Penggambaran Pertunjukan dan Tanggapan Hannah
Hannah, yang berkencan dengan JFK Jr. selama lima tahun pada awal 1990-an, menerbitkan opini di The New York Times yang mengecam karakterisasi acara tersebut. Dia secara eksplisit membantah alur cerita yang menyatakan dia terlibat dalam penggunaan kokain, memaksa Kennedy untuk menikah, atau bertindak tidak pantas terhadap keluarganya. Hannah menyebut penggambaran tersebut sebagai “kebencian terhadap wanita,” dengan alasan bahwa penggambaran tersebut mengarang tuduhan yang merugikan tentang perilakunya.
“Saya tidak pernah menggunakan kokain dalam hidup saya… Saya tidak pernah memaksa siapa pun untuk menikah… Ini bukanlah hiasan kepribadian yang kreatif. Itu adalah pernyataan tentang perilaku — dan itu salah.”
Konteks: Sejarah Hannah dengan Pelecehan di Hollywood
Kontroversi ini melampaui ketidakakuratan acara tersebut. Hannah sebelumnya tampil pada tahun 2017 sebagai salah satu wanita yang menuduh Harvey Weinstein melakukan pelecehan seksual. Dia merinci kejadian di mana Weinstein mengejarnya secara agresif, termasuk menggedor pintu kamar hotelnya dan mencoba memaksa masuk. Hannah percaya bahwa setelah menolak ajakannya, Weinstein membalas dengan menyabotase kariernya.

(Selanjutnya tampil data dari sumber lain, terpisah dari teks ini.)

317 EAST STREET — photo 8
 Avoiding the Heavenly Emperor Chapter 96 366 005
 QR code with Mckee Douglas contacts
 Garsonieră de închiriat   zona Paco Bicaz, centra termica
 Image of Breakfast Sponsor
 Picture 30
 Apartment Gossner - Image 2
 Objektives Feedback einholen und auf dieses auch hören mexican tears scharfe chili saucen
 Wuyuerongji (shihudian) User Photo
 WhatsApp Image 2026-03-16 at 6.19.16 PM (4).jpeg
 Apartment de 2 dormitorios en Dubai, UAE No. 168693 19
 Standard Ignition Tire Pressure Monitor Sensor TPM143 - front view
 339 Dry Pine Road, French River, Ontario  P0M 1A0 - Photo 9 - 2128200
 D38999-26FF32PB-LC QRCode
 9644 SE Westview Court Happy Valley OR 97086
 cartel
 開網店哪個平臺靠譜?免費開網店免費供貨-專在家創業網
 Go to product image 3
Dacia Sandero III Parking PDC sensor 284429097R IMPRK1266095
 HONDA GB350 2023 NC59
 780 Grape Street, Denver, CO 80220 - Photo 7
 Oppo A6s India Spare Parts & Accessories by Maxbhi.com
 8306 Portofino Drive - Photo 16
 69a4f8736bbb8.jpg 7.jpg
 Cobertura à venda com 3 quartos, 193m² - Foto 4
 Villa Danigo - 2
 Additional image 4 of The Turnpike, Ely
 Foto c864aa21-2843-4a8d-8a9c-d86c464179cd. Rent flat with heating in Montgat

Sejarah ini membayangi situasi saat ini. Kesediaan Hannah untuk bersuara menentang Weinstein menunjukkan adanya pola tokoh-tokoh berkuasa yang menggunakan pengaruhnya untuk membungkam perempuan yang menolaknya. Representasi yang salah dalam acara tersebut, menurutnya, bisa jadi merupakan bentuk pembalasan lain, meskipun motivasi pastinya masih belum jelas.
Mengapa Ini Penting
Kasus ini menyoroti permasalahan yang lebih luas mengenai bagaimana tokoh-tokoh di kehidupan nyata, terutama perempuan yang mengalami pelecehan, sering kali terdistorsi dalam narasi media. Kisah Hannah menggarisbawahi pentingnya akurasi dalam bercerita, terutama ketika membahas topik sensitif seperti pelanggaran seksual dan persepsi publik. Insiden ini menimbulkan pertanyaan tentang lisensi kreatif versus fabrikasi langsung dan apakah hiburan dapat membenarkan kerusakan reputasi seseorang berdasarkan peristiwa fiksi.
Reaksi terhadap Kisah Cinta menggarisbawahi meningkatnya tuntutan publik akan akuntabilitas dalam penggambaran media dan kebutuhan untuk melindungi individu dari tuduhan tidak berdasar. Tanggapan Hannah menjadi pengingat yang kuat bahwa bahkan dalam bidang hiburan, kebenaran dan rasa hormat harus diutamakan.